While there is evidence of sperm competition of some sort in our evolutionary history, the fact that males competed sexually as opposed to physically (they aren't drastically larger than women, as the males of species with "harems" usually are) does not necessarily mean they were all boning the same lady at the same time. Bonobos and chimps have large testes as well and it's likely that this trait developed before we all split up. Regardless of how often a woman changes partners, the male who produces more sperm has an advantage as far as breeding goes and so there'd be no reason to drop the adaptation.
When people cite the behavior of bonobos as some sort of ideal for human behavior, you can dismiss them immediately, because they're retards or liars.
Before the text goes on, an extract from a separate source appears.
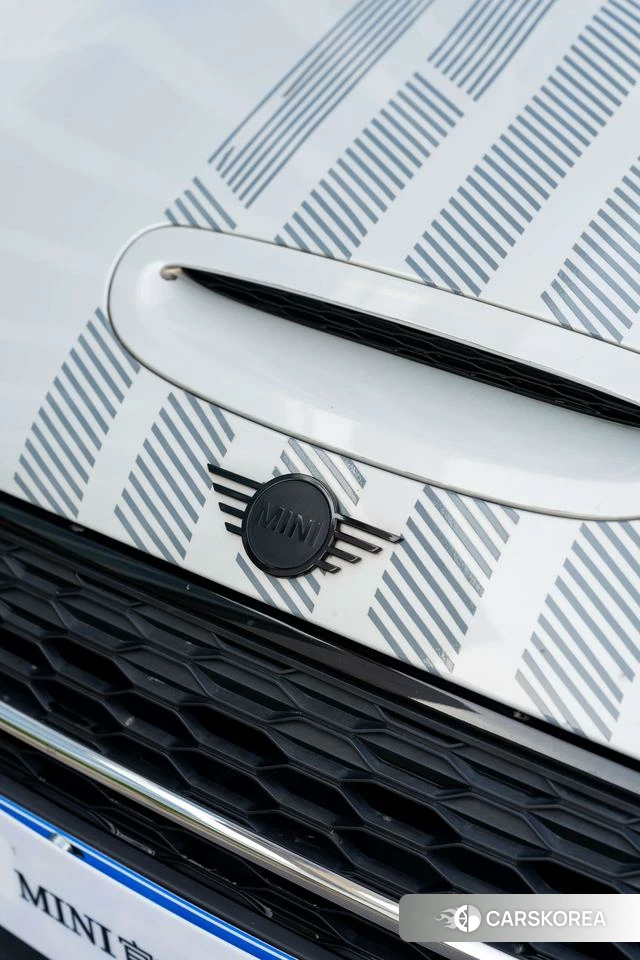 MINI CLUBMAN id 4239846 из Китая 32
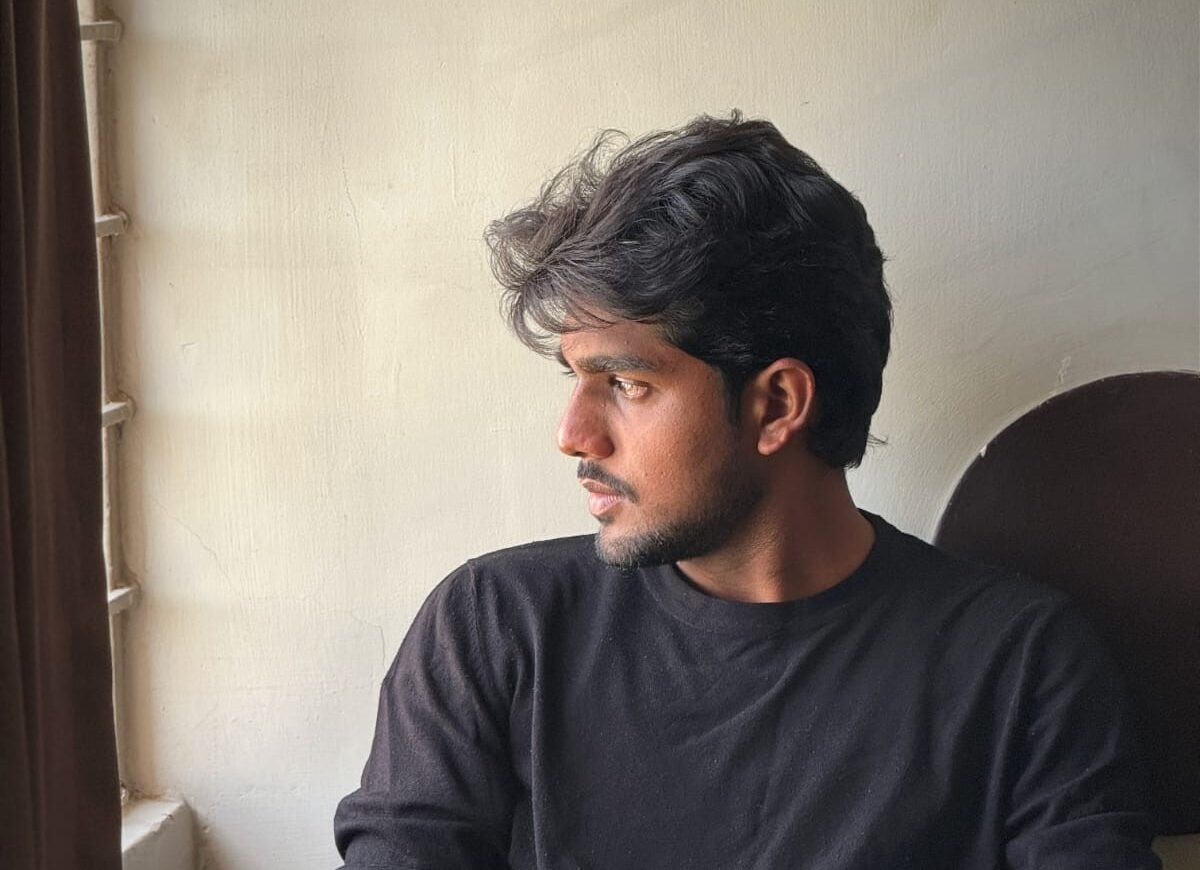 Rohan Bhutekar Digital marketer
Bonobos (Pan paniscus) are adorable brachiating whores, it's true, but their sexual behavior is vastly different from that of common chimps (P. troglodytes), and we're just as closely related to P. troglodytes.
Anyway, the best evolutionary sexual trait of humans is our enormous penises. They're way bigger than those of chimps, gorillas, or orangutans.
Simply because something is natural (Which I am not prepared to claim that this book accurately describes.) doesn't mean that it's a good idea. Or a bad idea, for that matter.
We've changed what is normal for our culture, and many other cultures on this planet by ignoring what is natural. And with all the complications we're facing from the consequences of technological society, I am not prepared to go back to pure natural existence.
*Number pulled out of my arse. I have no clear figures for what infant and child mortality would be in a purely natural state. I do think it would horrify any modern person looking at the numbers honestly.
http://johnhawks.net/weblog/reviews/...mortality.html
Actually that doesn't usually wor.....never mind.